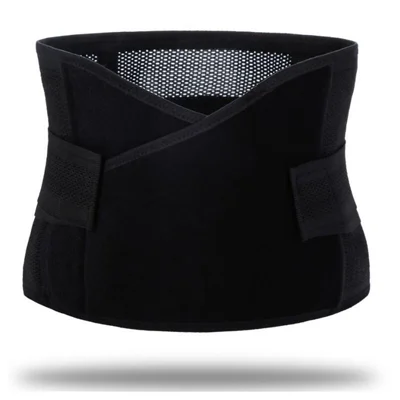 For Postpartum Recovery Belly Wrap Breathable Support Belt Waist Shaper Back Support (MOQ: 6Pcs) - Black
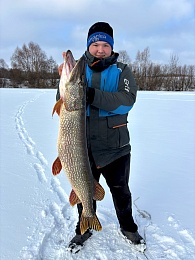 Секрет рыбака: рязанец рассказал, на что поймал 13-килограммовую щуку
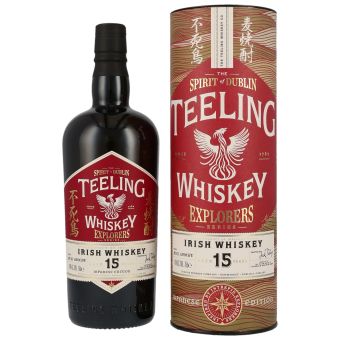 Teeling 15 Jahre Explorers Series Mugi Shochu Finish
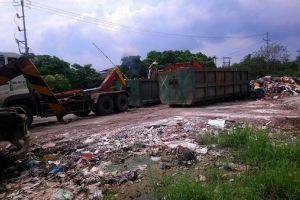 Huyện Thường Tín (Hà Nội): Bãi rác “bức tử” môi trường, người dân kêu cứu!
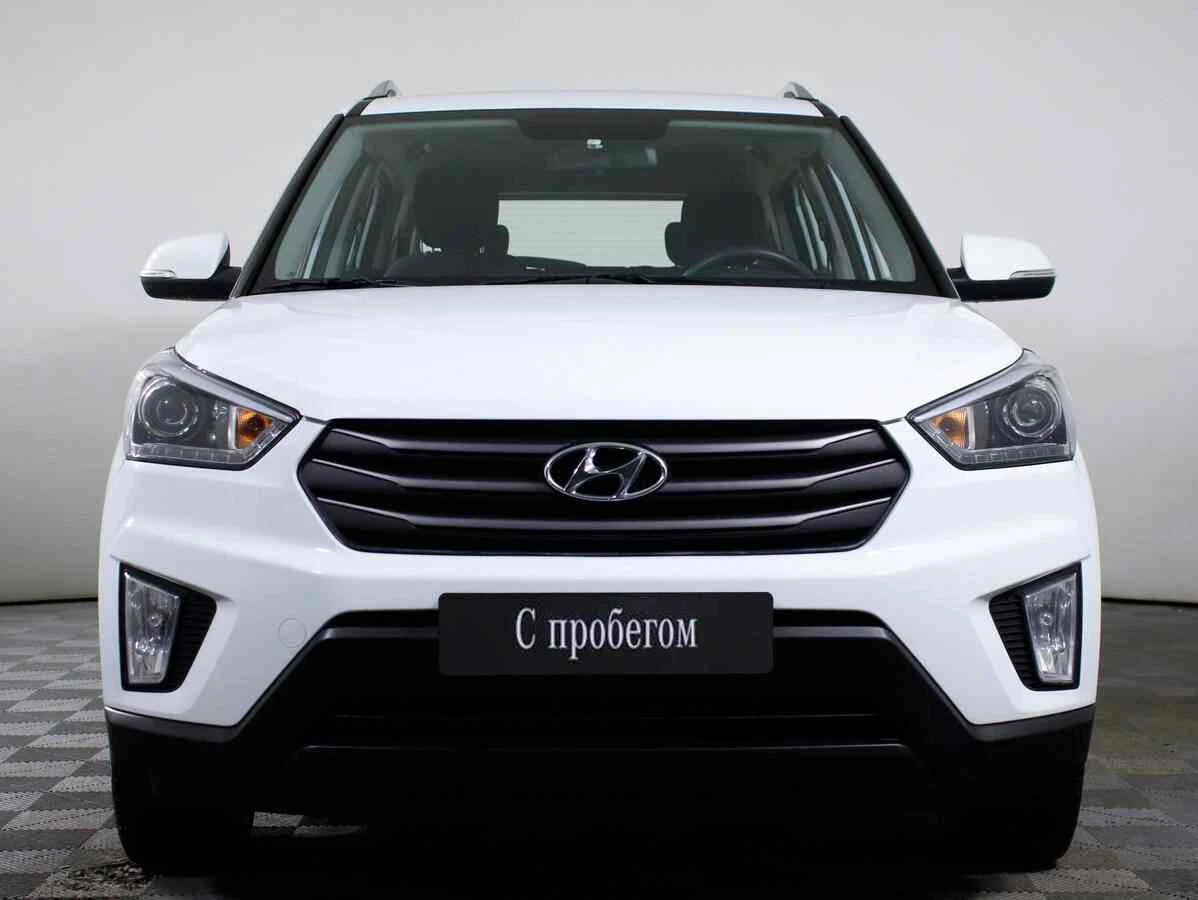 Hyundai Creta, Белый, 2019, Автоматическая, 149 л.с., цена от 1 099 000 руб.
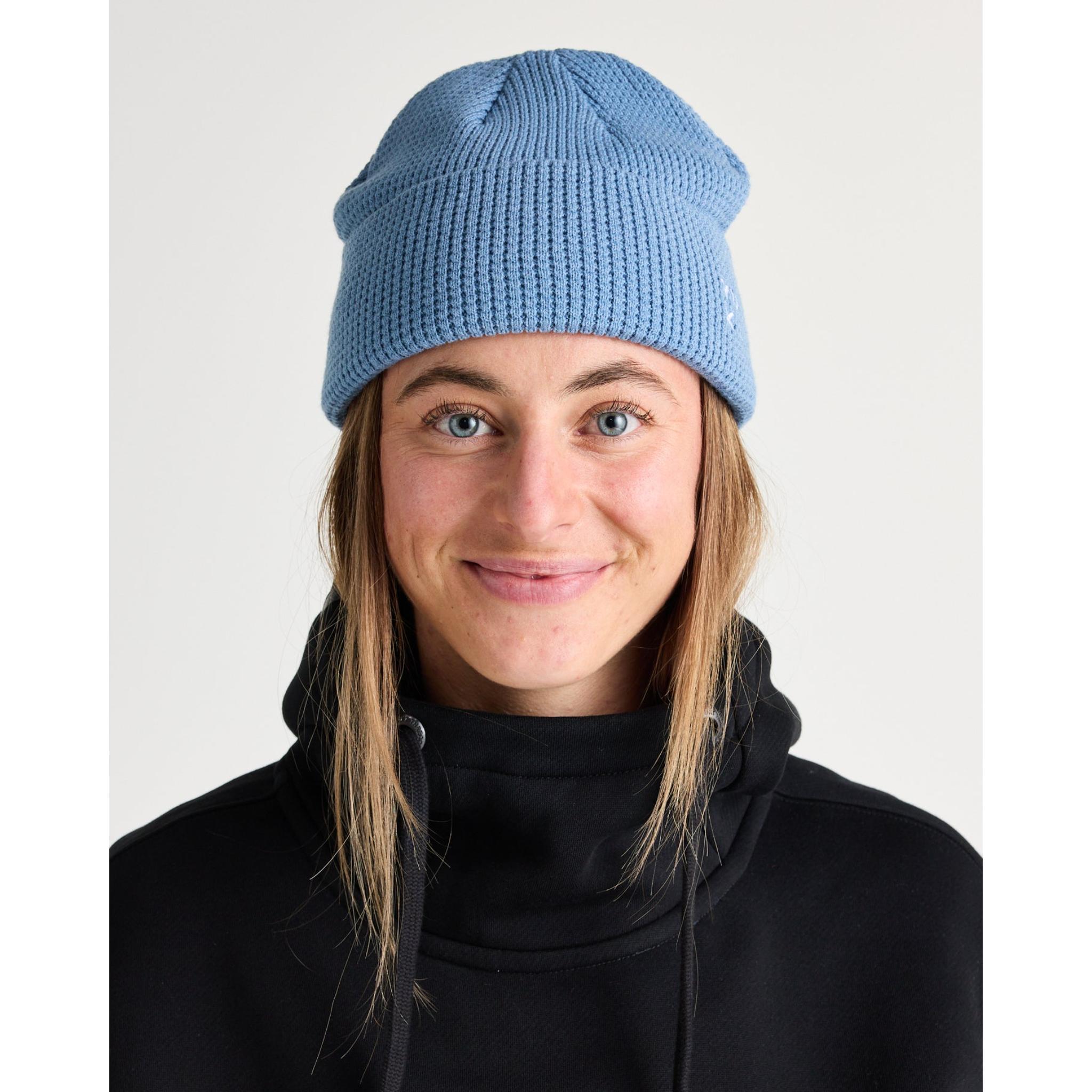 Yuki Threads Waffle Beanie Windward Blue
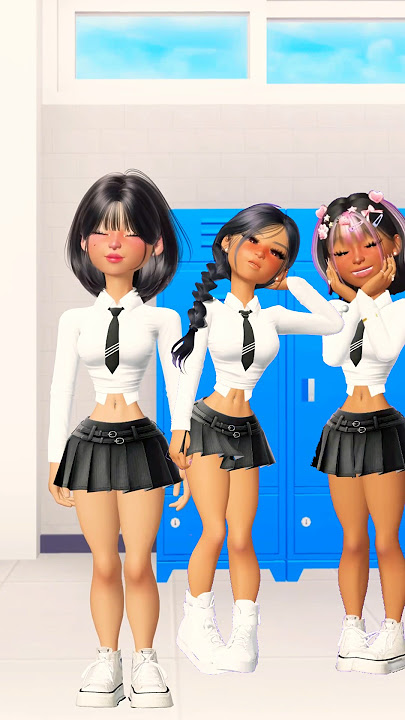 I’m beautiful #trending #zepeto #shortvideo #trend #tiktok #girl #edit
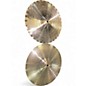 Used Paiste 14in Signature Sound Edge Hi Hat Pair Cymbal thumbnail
* * *
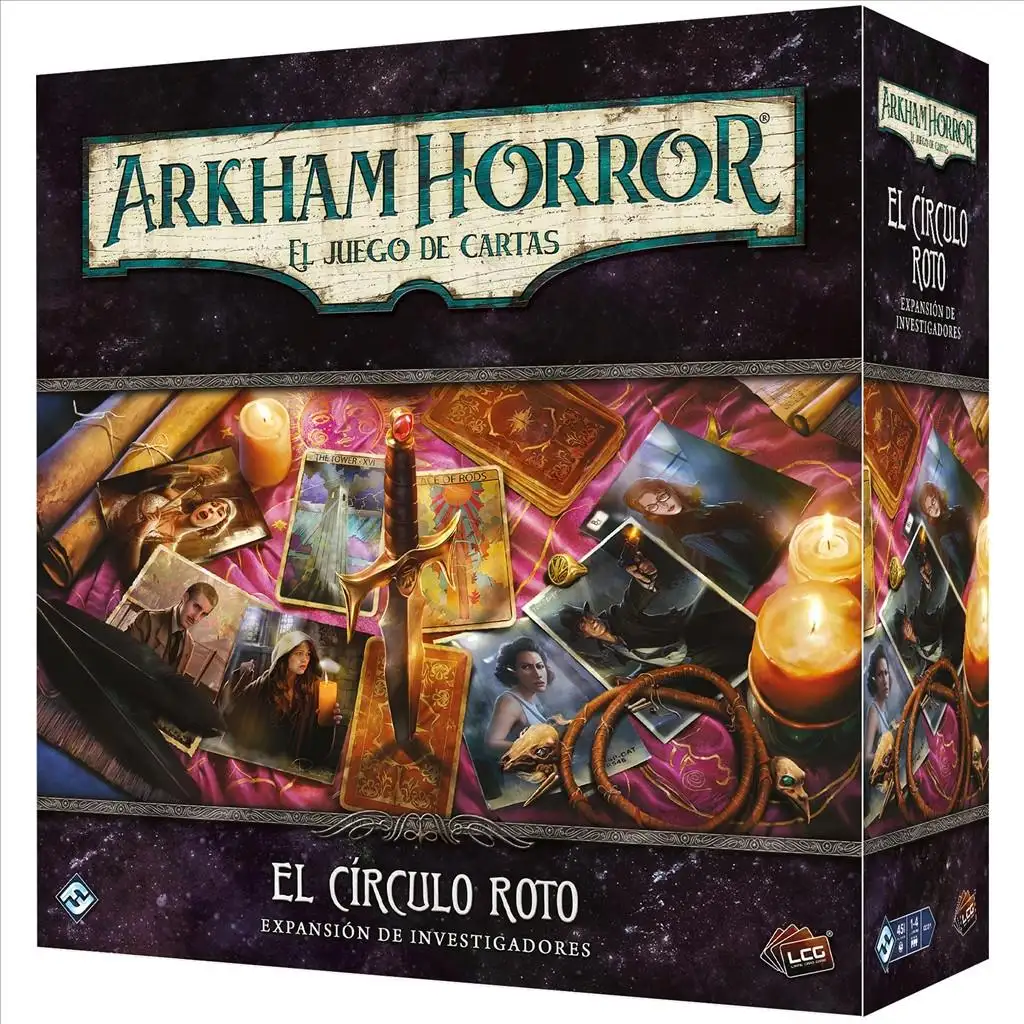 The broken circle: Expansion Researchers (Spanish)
==
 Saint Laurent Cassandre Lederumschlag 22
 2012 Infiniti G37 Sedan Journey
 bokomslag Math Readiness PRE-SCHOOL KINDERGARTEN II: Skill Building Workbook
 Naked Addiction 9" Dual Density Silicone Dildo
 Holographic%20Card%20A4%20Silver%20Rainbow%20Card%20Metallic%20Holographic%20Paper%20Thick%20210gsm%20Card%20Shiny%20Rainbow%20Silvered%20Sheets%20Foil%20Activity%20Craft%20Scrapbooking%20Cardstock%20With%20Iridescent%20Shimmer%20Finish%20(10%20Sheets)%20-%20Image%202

Task to complete
Give back exactly the lines of the listing above from the one that contains "Секрет рыбака: рязанец" up to and including the one that contains "Used Paiste 14in", but not the pictures, and no other lines.

Result
 Секрет рыбака: рязанец рассказал, на что поймал 13-килограммовую щуку
 Teeling 15 Jahre Explorers Series Mugi Shochu Finish
 Huyện Thường Tín (Hà Nội): Bãi rác “bức tử” môi trường, người dân kêu cứu!
 Hyundai Creta, Белый, 2019, Автоматическая, 149 л.с., цена от 1 099 000 руб.
 Yuki Threads Waffle Beanie Windward Blue
 I’m beautiful #trending #zepeto #shortvideo #trend #tiktok #girl #edit
 Used Paiste 14in Signature Sound Edge Hi Hat Pair Cymbal thumbnail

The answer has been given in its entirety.